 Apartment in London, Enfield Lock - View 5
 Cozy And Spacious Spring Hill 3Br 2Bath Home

==

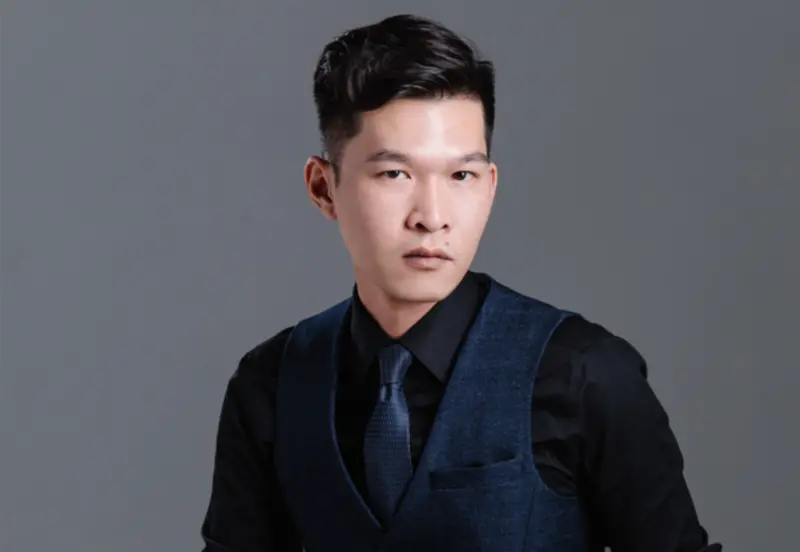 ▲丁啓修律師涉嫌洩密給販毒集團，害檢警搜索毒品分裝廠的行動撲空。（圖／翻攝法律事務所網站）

| REQUIREMENT |
Look above for the line that contains "Apartment in London, Enfield Lock - View 5". Starting there, transcribe every line exactly until you have copied the line that contains "Cozy And Spacious Spring Hill 3Br 2Bath Home".

| EXERCISE RESULT |
 Apartment in London, Enfield Lock - View 5
 Cozy And Spacious Spring Hill 3Br 2Bath Home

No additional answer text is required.